Graphene‐Based MicroRNA Transfection Blocks Preosteoclast Fusion to Increase Bone Formation and Vascularization

Abstract

Abstract The objective of this study is to design a graphene‐based miRNA transfection drug delivery system for antiresorptive therapy. An efficient nonviral gene delivery system is developed using polyethylenimine (PEI) functionalized graphene oxide (GO) complex loaded with miR‐7b overexpression plasmid. GO‐PEI complex exhibits excellent transfection efficiency within the acceptable range of cytotoxicity.

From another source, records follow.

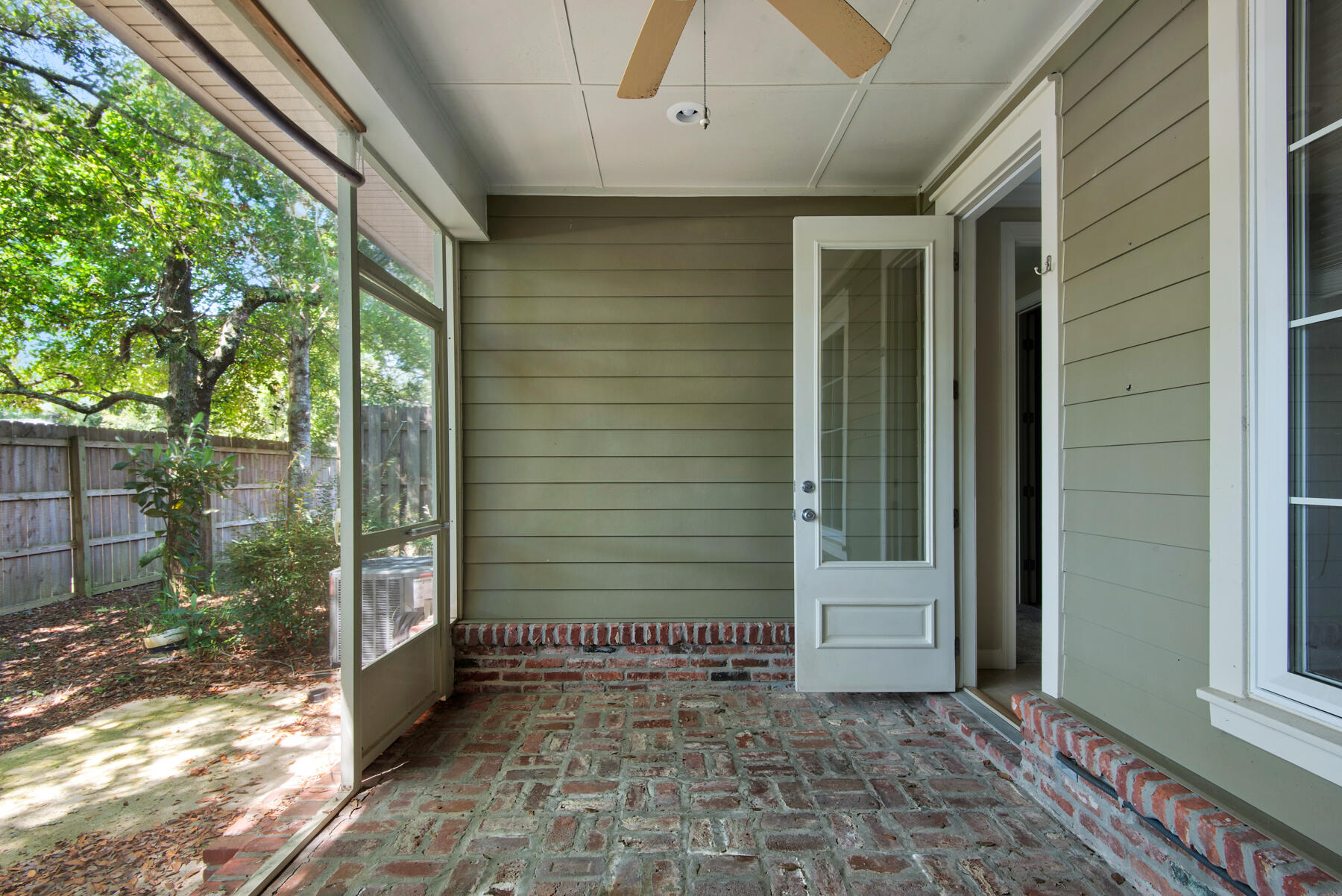 MARINA LANDING - Residential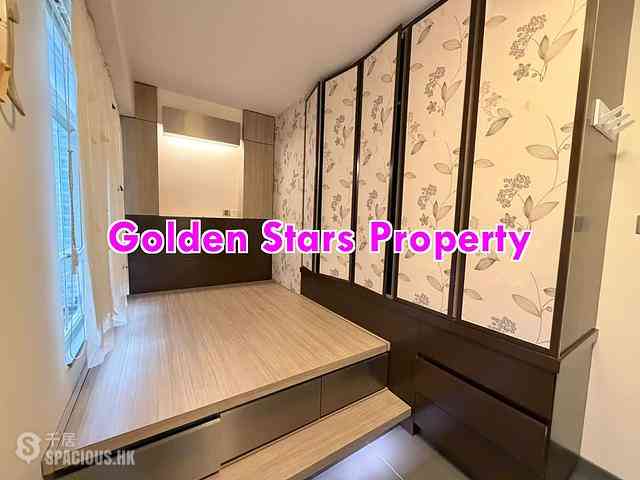 Sai Ying Pun - Yuk Ming Towers 03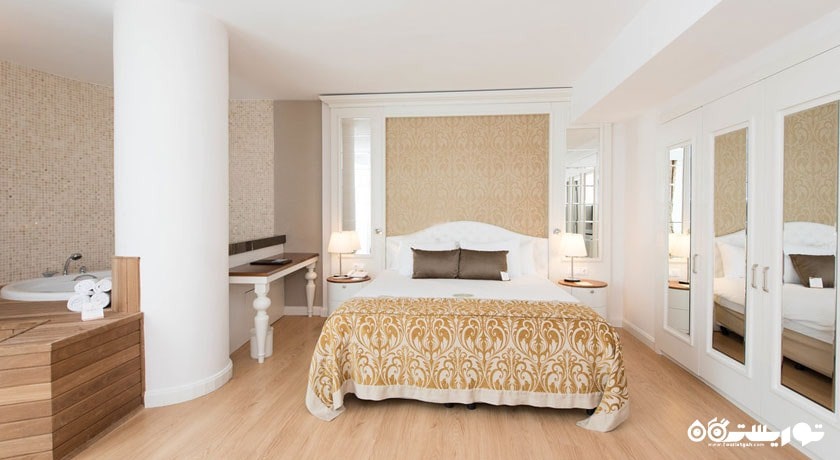 تخت بزرگ سوئیت هتل آسکا لارا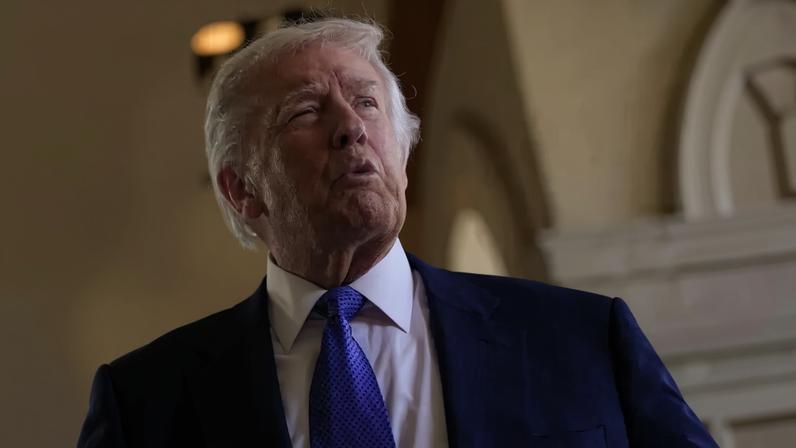O presidente dos EUA, Donald Trump, chega para o casamento de Dan Scavino, chefe de gabinete adjunto da Casa Branca, e Erin Elmore, diretora de Arte nas Embaixadas do Departamento de Estado dos EUA, em Mar-a-Lago, Palm Beach, Flórida, EUA, em 1º de fevereiro de 2026. REUTERS/Nathan Howard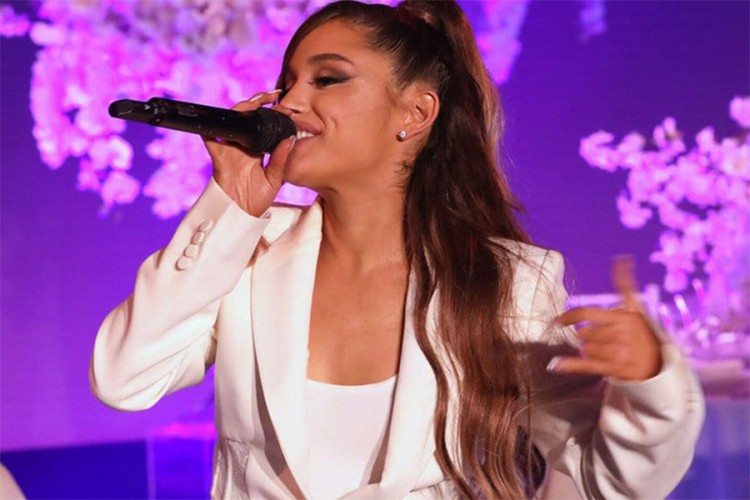 Ariana Grande pjevala u vjenčanici, pa pala u sred emisije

The overexpression of miR‐7b after GO‐PEI‐miR‐7b transfection significantly abrogates osteoclast (OC) fusion and bone resorption activity by hampering the expression of an essential fusogenic molecule dendritic cell‐specific transmembrane protein. However, osteoclastogenesis occurs without cell–cell fusion and preosteoclast (POC) is preserved. Through preservation of POC, GO‐PEI‐miR‐7b transfection promotes mesenchymal stem cell osteogenesis and endothelial progenitor cells angiogenesis in the coculture system. Platelet‐derived growth factor‐BB secreted by POC is increased by GO‐PEI‐miR‐7b both in vitro and in vivo. In treating osteoporotic ovariectomized mice, GO‐PEI‐miR‐7b significantly enhances bone mineral density, bone volume as well as bone vascularization through increasing CD31 hi Emcn hi cell number. This study provides a cell–cell fusion targeted miRNA transfection drug delivery strategy in treating bone disorders with excessive osteoclastic bone resorption.